Visual Intelligence Online Seminar: Echocardiography Foundation Models in Practice

Abstract

Echocardiography is the first-line imaging modality for assessing cardiac structure and function, and cardiovascular disease remains a leading cause of death worldwide. Recent echocardiography foundation models (FMs) have demonstrated strong multi-view, multi-task performance for interpretation, classification, and clinical estimation, yet their robustness for dense regression tasks is less established.

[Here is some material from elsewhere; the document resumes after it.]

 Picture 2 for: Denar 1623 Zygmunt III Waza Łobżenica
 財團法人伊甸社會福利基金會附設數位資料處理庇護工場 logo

Here, we evaluate FM-based video encoders for spatio-temporal left ventricular (LV) landmark detection on EchoNet-Dynamic, leveraging two state-of-the-art systems: EchoPrime, a multi-view vision–language model trained with contrastive learning on over 12 million video–report pairs and augmented with view-informed anatomical attention and multiple-instance weighting, and PanEcho, a unified multitask model trained on large-scale labeled echocardiography for broad diagnostic and measurement prediction across views. We compare frozen, partially fine-tuned, and fully trainable adaptation regimes for precise landmark regression. Frozen FM encoders underperform, whereas selective fine-tuning. unfreezing only the final transformer blocks, recovers most of the gains of full end-to-end training. Finally, we show that a graph-based decoder encoding LV contour anatomy and temporal motion consistently improves accuracy, achieving state-of-the-art regression performance while remaining computationally efficient.